Dans un siècle peut-être, on en sera enfin revenu, et on replacera dans leur milieu et contexte appropriés tous ces objets jugés présentement offensants par ces purs, ces laïcistes, ces sépulcres blanchis, ces vampires du 21ième siècle que la simple petite croix bénite d’un Jean Tremblay suffit à atterrer, tels des Dracula auxquels on jette de l’eau bénite. Ces objets seront alors jugés non seulement inoffensifs par les générations de jeunes sages qui nous auront succédé, mais ils les considéreront alors comme des messages anciens de paix, de sérénité, de partage et de compassion. Il y aura alors eu la renaissance, le classicisme, le romantisme, l’impressionnisme… et le laïcisme, qu’on appellera aussi la vraie, la très grande noirceur. Et ça sera du passé.

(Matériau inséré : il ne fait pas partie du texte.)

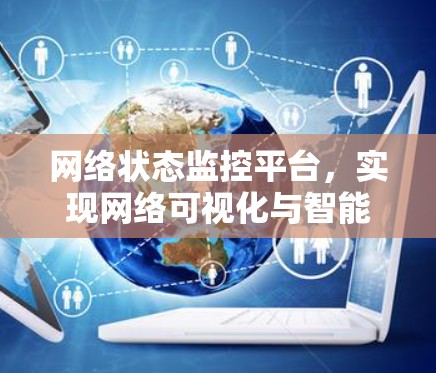 网络状态监控平台,实现网络可视化与智能化管理 网络状态监控平台,实现网络可视化与智能化管理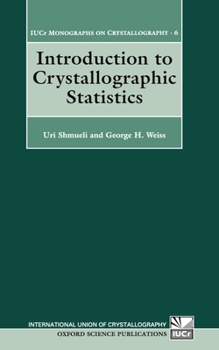 Hardcover Introduction to Crystallographic Statistics Book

Alors là seulement, ça sera le siècle de la lumière. Et lux perpetua luceat eis. C’est la grâce que je nous souhaite!
p.s. c’est dans une forêt de cèdres au Liban que j’ai pris la photo illustrant ce billet. Un artiste croyant a vu dans ce modeste arbre quelque chose de plus grand que ce que voient les laïcistes dans le petit crucifix du maire Tremblay. On n’a pas abattu l’arbre. Pas encore…
superbe cet arbre, nous fait reflechir,
Peut-on être une nation et réduire son histoire à une « grande noirceur » ? Sur ce , cette réflexion de Renan pour éclairer la noirceur :
Une nation est une âme, un principe spirituel. Deux choses qui, à vrai dire, n’en font qu’une, constituent cette âme, ce principe spirituel. L’une est dans le passé, l’autre dans le présent. L’une est la possession en commun d’un riche legs de souvenirs ; l’autre est le consentement actuel, le désir de vivre ensemble, la volonté de continuer à faire valoir l’héritage qu’on a reçu indivis. L’homme, ne s’improvise pas. La nation, comme l’individu, est l’aboutissant d’un long passé d’efforts, de sacrifices et de dévouements. Le culte des ancêtres est de tous le plus légitime ; les ancêtres nous ont faits ce que nous sommes. Un passé héroïque, des grands hommes, de la gloire (j’entends de la véritable), voilà le capital social sur lequel on assied une idée nationale. Avoir des gloires communes dans la passé, une volonté commune dans le présent ; avoir fait de grandes choses ensemble, vouloir en faire encore, voilà les conditions essentielles pour être un peuple. On aime en proportion des sacrifices qu’on a consentis, des maux qu’on a soufferts. On aime la maison qu’on a bâtie et qu’on transmet. Le chant spartiate : «Nous sommes ce que vous fûtes ; nous serons ce que vous êtes» est dans sa simplicité l’hymne abrégé de toute patrie.
Jean-Pierre, vous exprimez la quintessence d’une nation. Éric Zemmour n’aurait pas dit mieux . Joyeux Noël !
Vous avez vu juste, Reynald, les débats de cet immense intellectuel font partie de ma nourriture intellectuelle .Et paradoxalement c’est un Juif qui ce bât et débat le plus pour la restauration de l’Occident chrétien ; on en espérerait autant de son jeune ami québécois ; Joyeux Noël !
Évidemment, pour éviter toute confusion, l’ami québécois dont je parlais n’était pas vous
Quel beau texte qui nous rappelle nos valeurs chrétiennes de plus en plus misent de côté. Nous les ainés avons négligé de transmettre ces valeurs à nos enfants, pendant que d’autres, dans les écoles entre autre, les ont balayées sous le tapis. Un jour peut être les prochaines générations sauront le remettre à jour.